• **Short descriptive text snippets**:
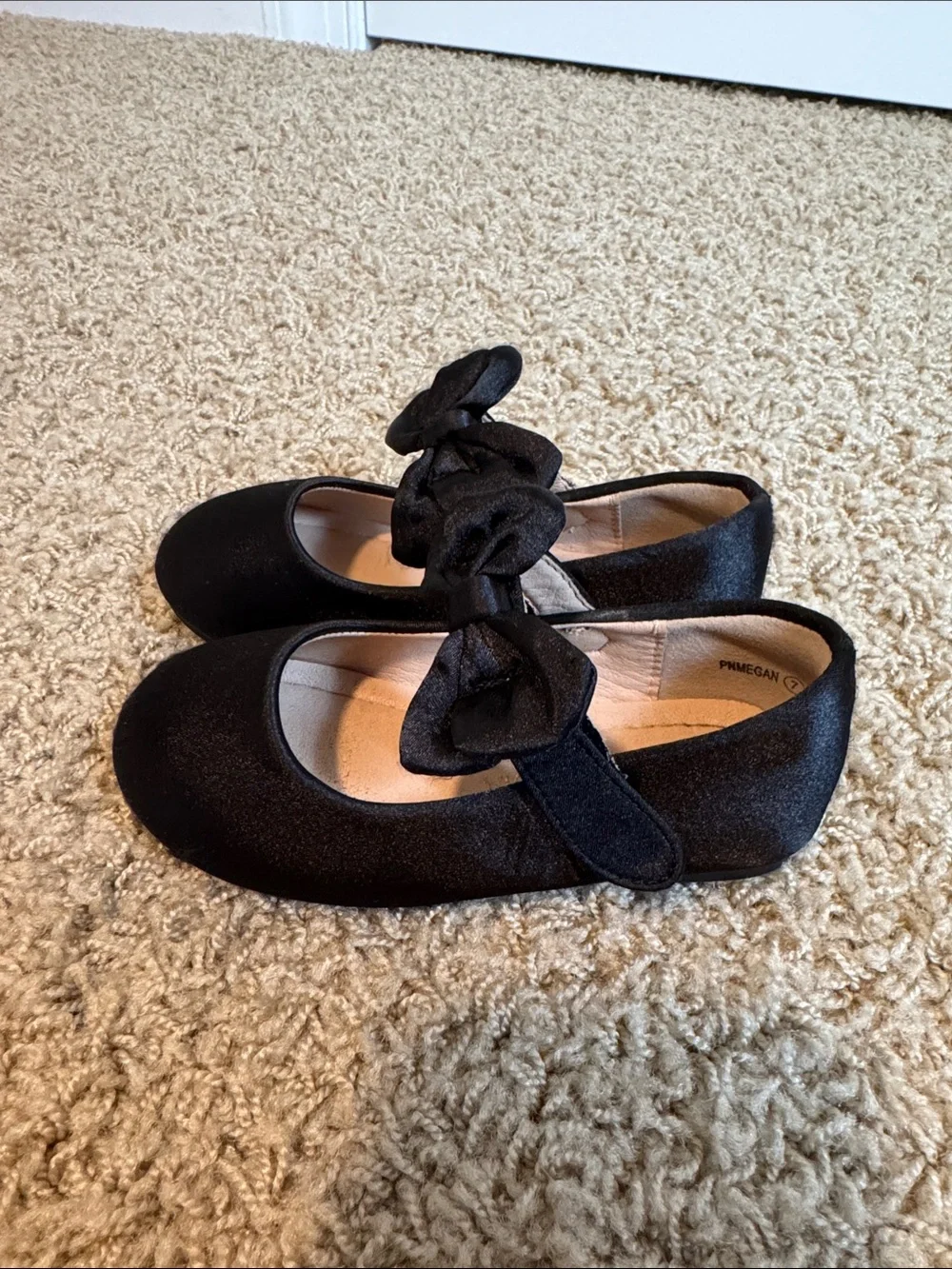 Black Bow Girls' Mary Jane Dress Shoes by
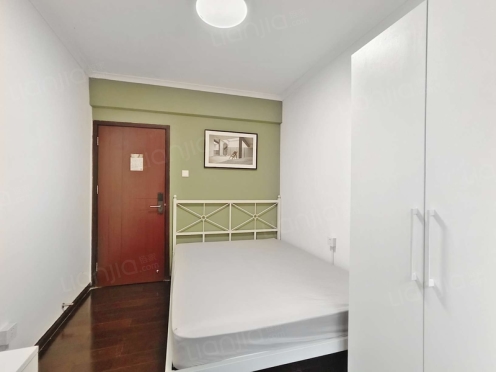 合租·恒荔湾畔 4居室 东卧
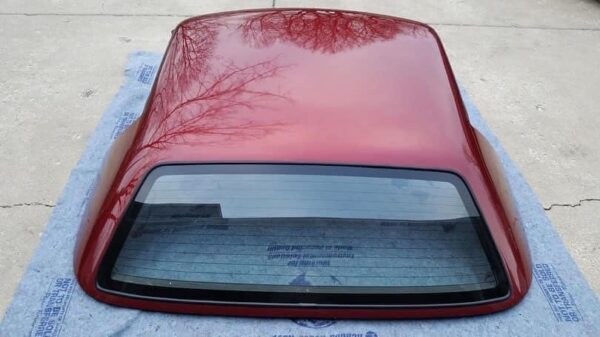 Corvette c4 hardtop Color is a shade of maroon - Image 5
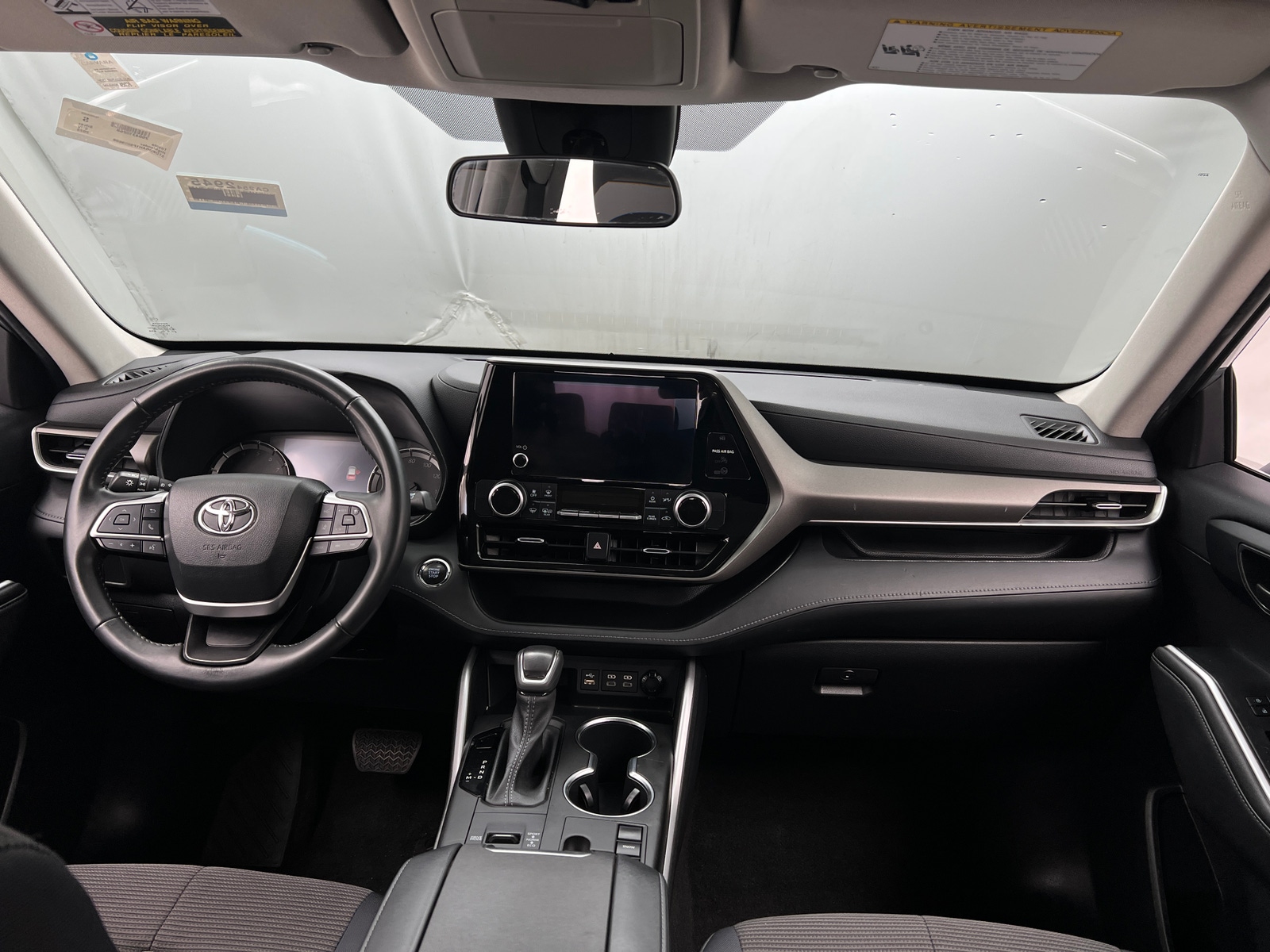 Thumbnail: 2023 Toyota Highlander - 3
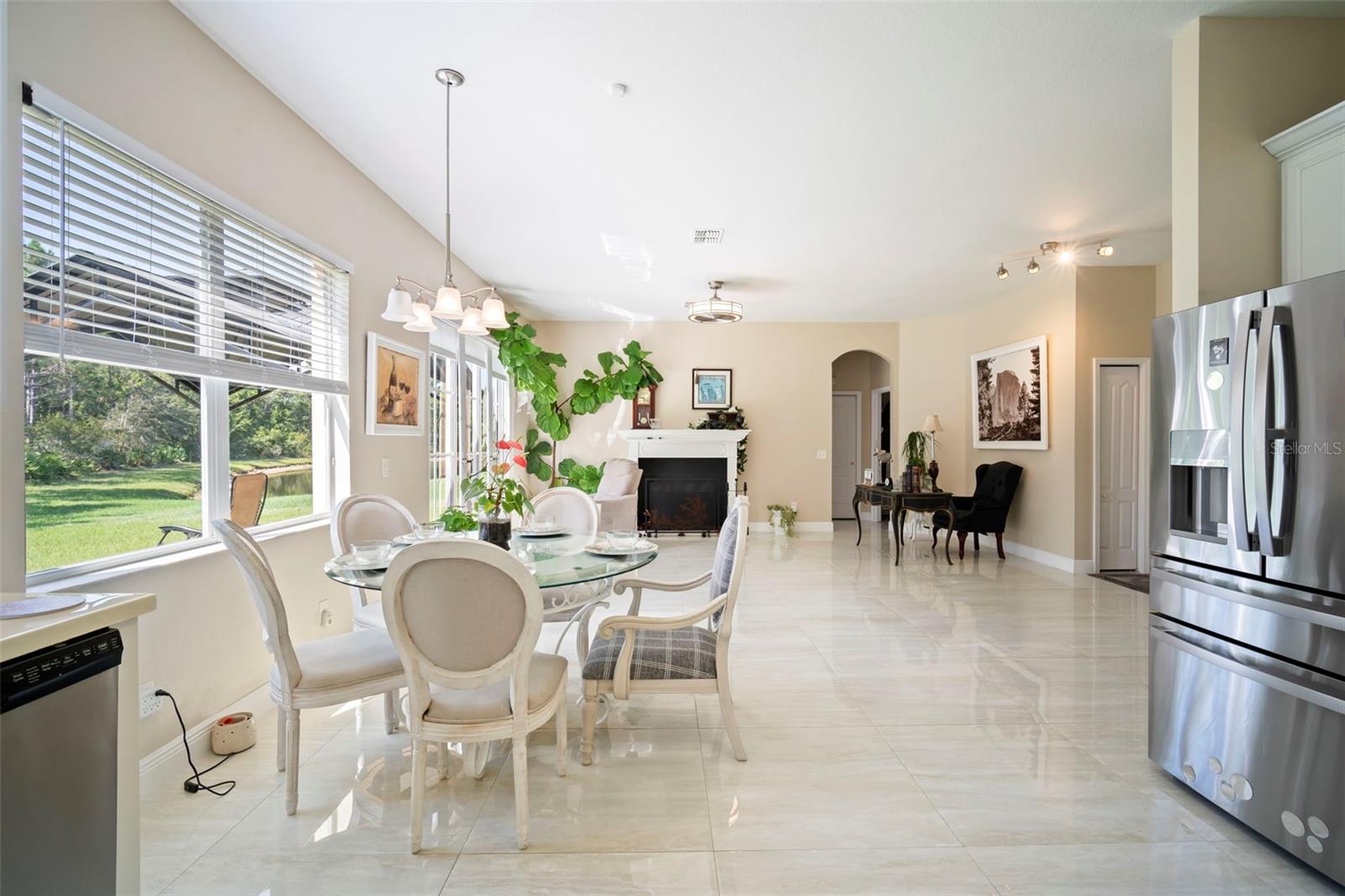 Image 9 of 46 For 20001 Tamiami Avenue
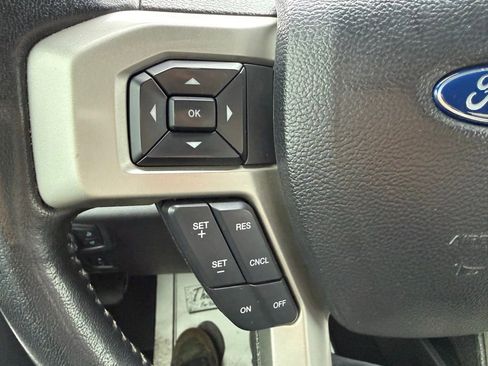 Used 2021 Ford F250 Lariat w/ Lariat Ultimate Package image 21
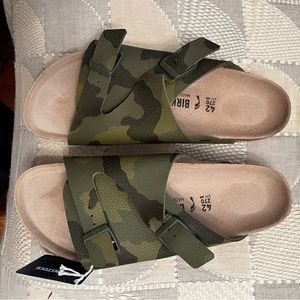Birkenstock Zürich camo print size EU 42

• **ACTIVITY**: The expected output is the exact run of lines from the one containing "Image 9 of 46 For 20001 Tamiami Avenue" through the final line of the data above, both ends included, with no pictures.

• **TASK SOLUTION**:
 Image 9 of 46 For 20001 Tamiami Avenue
 Used 2021 Ford F250 Lariat w/ Lariat Ultimate Package image 21
Birkenstock Zürich camo print size EU 42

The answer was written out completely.